I can tell you that during the 10-year span from 2003 until I retired in 2013, I lived through repeated violations of this Texas law. I believe most, if not all, Texas teachers would say the same, even today. Now there is legal precedence regarding this Texas law. I first read about Ysleta ISD and Commissioner of Education v. Edith Porter, Jennifer Adams, and Rita Vasquez Appeal from 261st District Court of Travis County (memorandum opinion by Chief Justice Rogelio Valdez) on the Texas AFT web site. The school district and the Commissioner of Education filed the appeal of the trial court’s judgment. Chief Justice Valdez rendered his decision, which affirmed the trial court’s judgment, April 13, 2015.
Look above at item number six regarding lesson plans. In this recent case, the appeals court affirmed that a school district may only require a teacher to “produce in writing what is listed in the statute.” As the Texas AFT web site reports from court documents: The phrase, “information to be presented,” is intended to prohibit school districts from requiring lesson plans that contain anything other than an outline, which is brief and general, of the information that a teacher plans to teach during a particular class period and the activities the students will do in order to learn the subject matter.

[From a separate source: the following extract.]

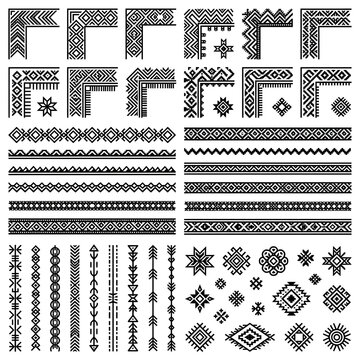 Set of black tribal ornament corners borders and geometric ethnic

The court further ruled that certain information, because it is not information taught to students could NOT be required:
2. Differentiated activities and/or modifications for special populations
3. Cognitive level
Administrators can require that teachers use a lesson plan template and that they include the resources the students will use. Teachers can also be required to include TEKS and TAKS objectives; however, teachers may only be required to reference the objectives not to write them out.
Texas’ Paper Reduction Act clearly reads that it is the duty of the board of trustees to make sure this law is not violated. Does your school board abide by this law?
NOTE: You can read Chief Justice Valdez’s decision in its entirety at http://law.justia.com/cases/texas/thirteenth-court-of-appeals/2015/13-13-00409-cv.html
Chris Ardis retired in May of 2013 following a 29-year teaching career. She now helps companies with their business communications and also works for a McAllen-based alternative certification program. Chris can be reached at email@example.com.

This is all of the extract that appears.